At the heart of McFarland, USA, Disney’s latest family friendly sports film about a cross-country team overcoming insurmountable odds, is an easy-going movie I imagine most audiences will enjoy. It’s harmless and pleasant to a fault, like eating good in a neighborhood Applebee’s. Nothing fancy but still decent. However, it pales in comparison to other recently successful Disney sport’s flicks, (Remember the Titans and Glory Road match the assimilation factor). It’s more like listening to Jackson Browne’s song Running on Empty for two hours straight. Patronizing, condescending…whatever you want to label it, that’s how the movie made me feel. McFarland, USA may be about running, but there is no pace and no sprint to a photo finish. Instead it slugs along. A movie can’t get its legs beneath itself after getting lactic acid build-up the moment it starts its race.
After losing his temper in a high school football game halftime talk, Jim White (Kevin Costner) must find employment elsewhere. So from the cozily Caucasian Boise, Idaho to the entirely Hispanic McFarland, California the White family goes. There he teaches life science and PE, is eventually asked to step down as assistant football coach, and decides to start a cross-country team. Why, you ask? Well because these kids, who start out more as field-picking physical specimens than real people with personalities surpassing more than one character trait, can run really fast.

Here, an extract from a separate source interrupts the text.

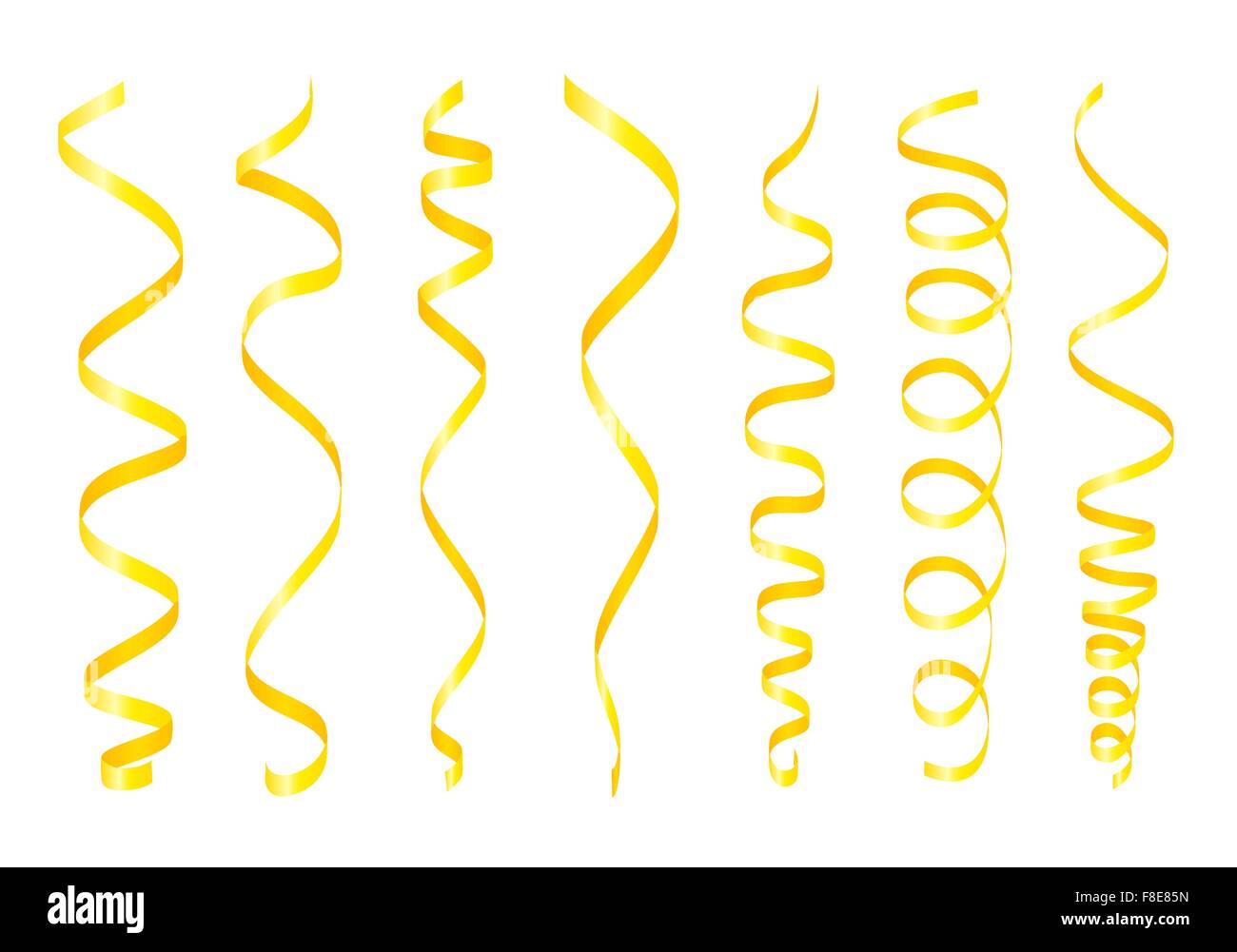 Paper streamer set Stock Vector Image & Art - Alamy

It’s a bad news bears arrangement of a team, and as you might have guessed, is 100% predictable. Don’t get me wrong, predictability can be good. In fact it brings some relief. But it can also be predictable and refreshing at the same time. This isn’t, and feels more like a toddler watching that week’s episode of Blue’s Clues for the fifth time, proudly knowing every detail and every turn the story was going to take.
To its credit, the movie makes a sport like cross-country exciting. Not that it isn’t for actual runners, but nevertheless it is a group of people going from point A to point B. It’s a long and repetitive journey that is sped up by countless camera angles and purposeful editing that splices it all together in an interesting way. For the most part though, I just disliked the story. The major problem is the reliance on stereotypes, which are necessary, although here the characters don’t transcend their general one-note qualities. And that’s doubled down for the extremely likable kids. Thomas Valles (Carlos Pratts) is the best runner and has a bit of an attitude. Victor Puentes (Sergio Avelar) is the lady’s man and troublemaker. Johnny Sameniego (Hector Duran) is the nice kid who gets cut from football. And Danny Diaz (Ramiro Rodriguez) is the chubby bull at the back of the pack. That’s not to mention the other 3 indistinguishable boys.
Of the other Disney movies I mentioned, this bears the strongest resemblance to Remember the Titans. Two cultures initially clashing only to coalesce through sport and a sense of joint community. There’s a level of validation and honesty to that story. And that film, like this one, takes so many liberties with the truth. But here it doesn’t add to the overall scope of things…it merely dilutes it. A fake romance between Jim’s daughter Julie (Morgan Saylor) and Thomas. Julie’s makeshift Quinceañera. The foreboding presence of Victor’s cousin, who is straight-laced and good-natured but constantly shadowed as a thug in disguise. The big moments work – sort of – but there is none of Remember the Titans’ intimacy. No left side, strong side instance of bonding. No moving speech at the Battle of Gettysburg. Not even the subtle place of time and setting with a group of blacks and whites karaoking Ain’t No Mountain High Enough. This makes the whites look mean and the Hispanic culture is stripped down to salsa/mariachi music and unintelligibly rapid-fire dialogue. I imagine that if it entered a race, McFarland, USA would still be running while more inspiring, smarter, and dignifying films have already left the podium with their medals draped around their necks.
“That’s why no one stays in McFarland unless they have to…cus there ain’t nothin’ American Dream about this place.”